Dataiku 9 builds on core strengths related to Designing, Deploying, and Distributing AI & Analytics.

Dataiku 9 features at a glance

Faster, More Transparent Model Development#

Dataiku 9 provides data analysts and novice data scientists with more tools to create high-quality machine learning models. The release includes best practice guardrails to prevent common pitfalls, model assertions to capture and test known use cases, and what-if analysis to interactively test model sensitivity. Everyone, including advanced data scientists, can also appreciate the added speed for model development with a distributed hyperparameter search on Kubernetes. The result is that people with different backgrounds can get involved in data science projects and drive success and value.

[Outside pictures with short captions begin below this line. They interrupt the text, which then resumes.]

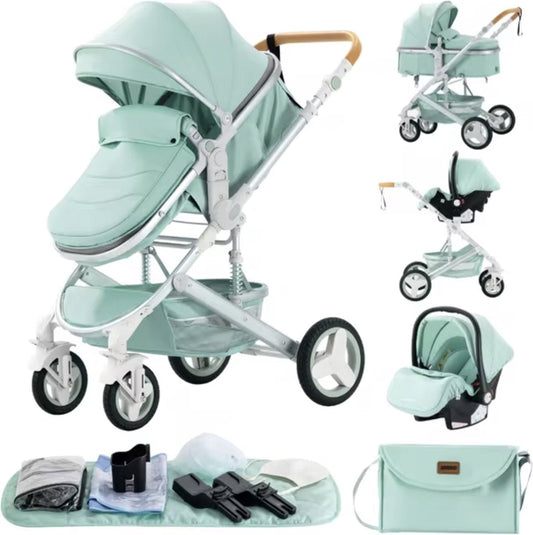 J&R Kinderwagen 3 in 1 - Kinderwagen - Wieg - Buggy - Autostoel - Opvouwbaar - Aluminium frame - Mintgroen - Zilver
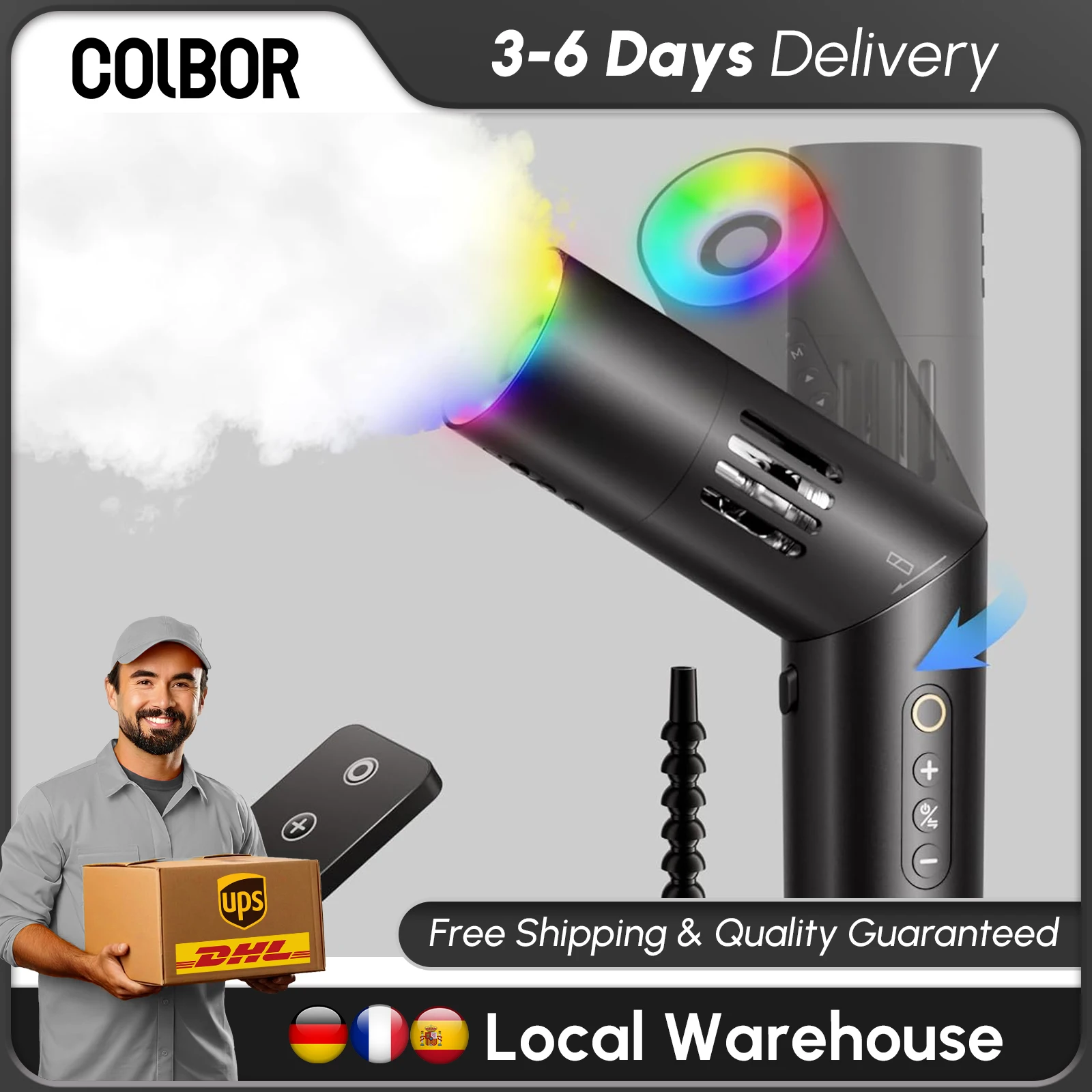 Image of 【EU LAGER】COLBOR CF5 Tragbare Nebelmaschine 40W Mini Handheld Rauchmaschine Wiederaufladbarer Nebelgenerator für Fotografie Halloween Cosplay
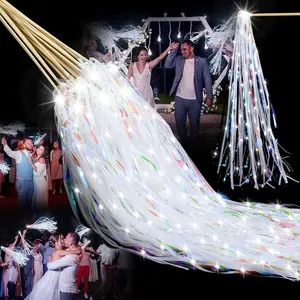 24 count Lighted Wedding Wands LED Tinsel Wands Light up Streamers Sparklers for Wedding Send Off and Exits Birthday Party Props Favors(White Tinsel)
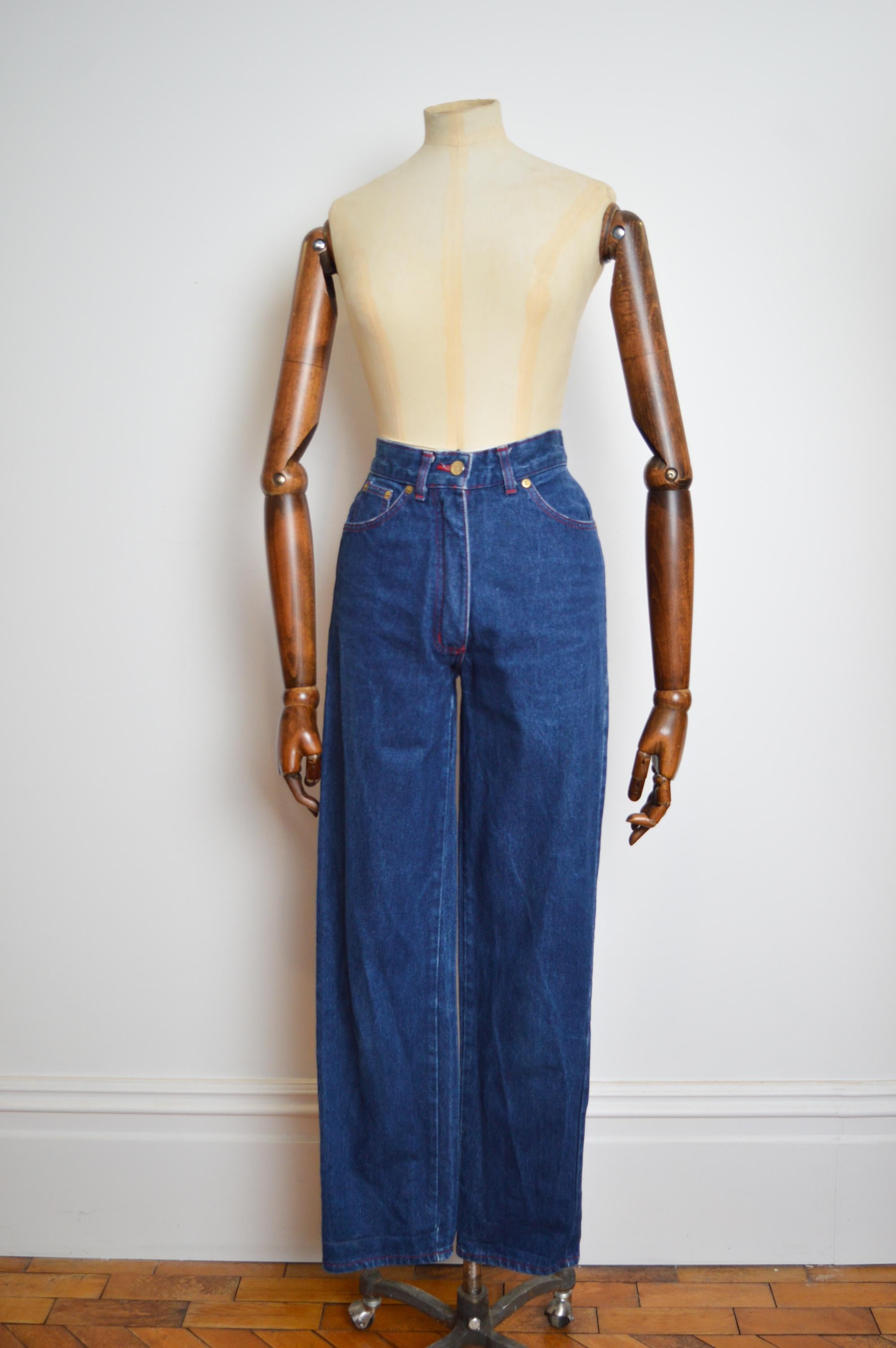 Vivienne Westwood 1990's Indigo Dark Blue High waisted denim jeans with Red Tab For Sale 1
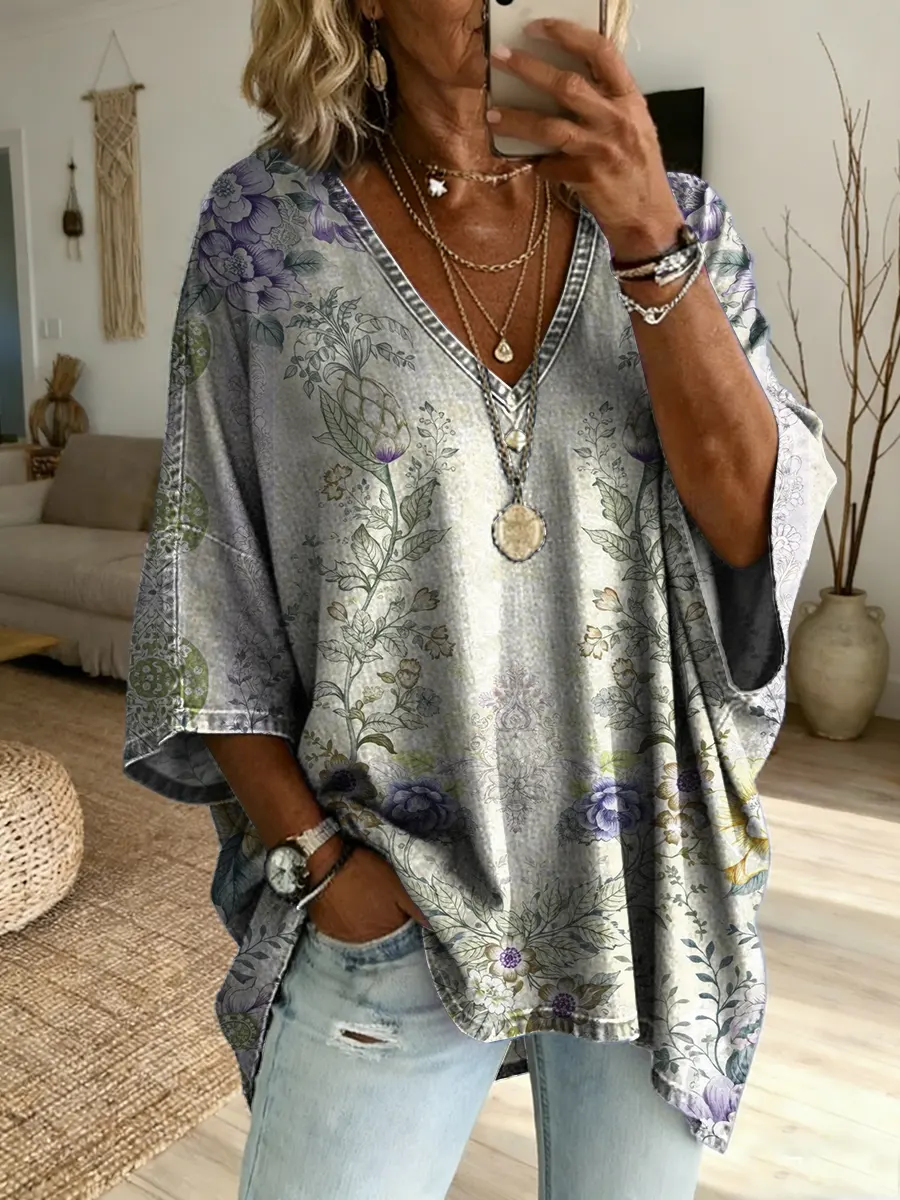 Ethnicity Purple Flowers Women's Art Print Casual Washed Cotton Denim Top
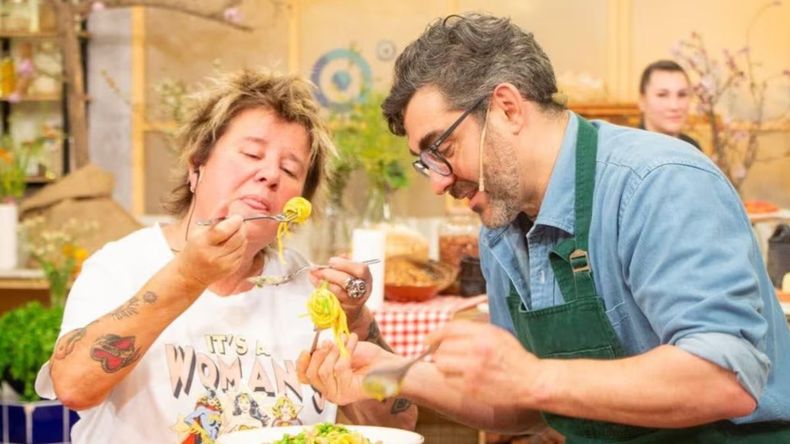 Madame Papín junto a Juan Braceli en la época de Cocineros Argentinos.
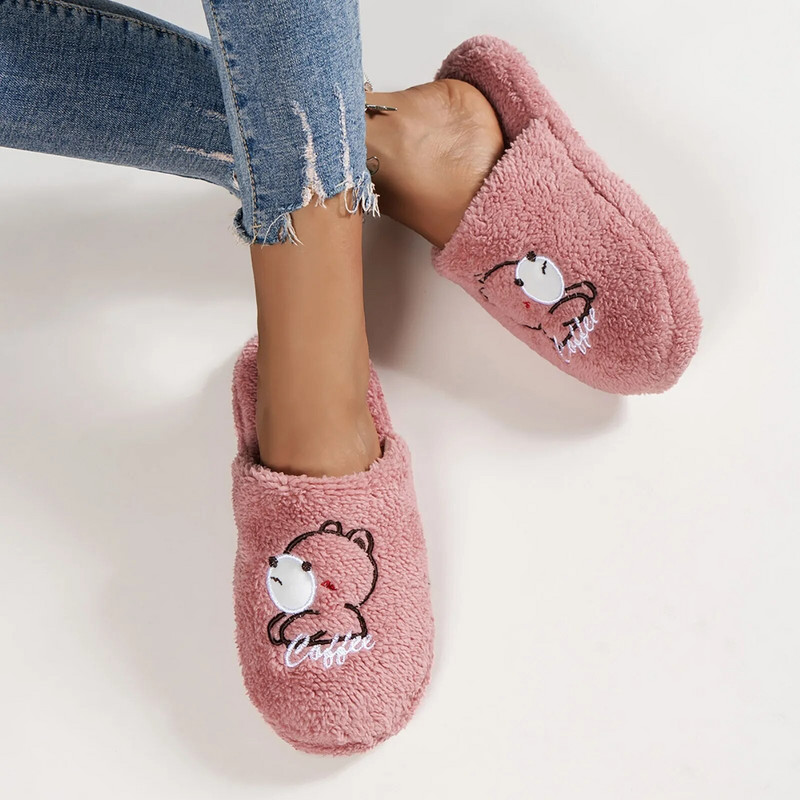 Παντόφλες Γυναικείες Γυναικείες Εσωτερικές Γελοιογραφίες Αρκούδα Κεντημένο Υπνοδωμάτιο Αντιολισθητικές Παντόφλες Φθινοπωρινή Χειμερινή Μόδα Μαλακά Σπίτι Casual Βαμβακερά παπούτσια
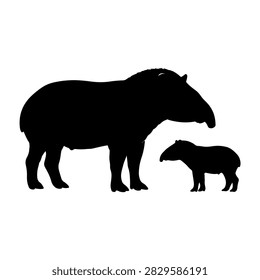 Black silhouette of a large bear and its cub, emphasizing wildlife and animal family bonds in a natural setting.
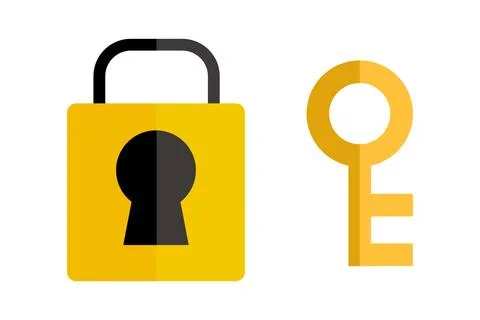 Padlock and key icon set. Vector. Illustrazione stock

Easier, More Scalable Production Management#

The new Unified Deployer provides an easy to use, self-service interface for data team members to deploy AI projects, in the form of bundles, from Design nodes to Automation nodes. A data scientist, for example, can easily bundle a project and then pick the IT-configured Automation node where they would like to deploy the project. Programmatic access to the deployment process is also enhanced, allowing for integration with CI/CD systems for project deployment and management.

More capabilities for business analysts and users#

There are new capabilities for business teams engaged in data preparation tasks. The fuzzy join recipe makes it easy to join on close-but-not-equal key values. The formula editor is updated to make it easier to learn and use and time and date preparations are streamlined with new date handling improvements. A smart pattern builder has been added to make constructing regular expressions easier.

Other noteworthy features#

Adding to its web applications capabilities, Dataiku 9 introduces support for the popular Dash application framework, enabling organizations to use an application development framework that best meets their needs.

Streaming analytics is now supported by Dataiku and brings with it a new set of dedicated visual recipes to enable everyone in the organization to analyze and collaborate around real-time event data. The new capability allows for streaming endpoints to send and receive event data from multiple sources like Apache Kafka and allows you to monitor continuous jobs with a dedicated monitoring dashboard.

A new Python-based automated time series forecasting plugin capable of high performance univariate and multivariate forecasting, including the latest deep learning approaches via Deep Learning

Git versioning for notebooks and the ability to import one or multiple notebooks from/to an externally managed git repo like GitHub, Bitbucket, or GitLab.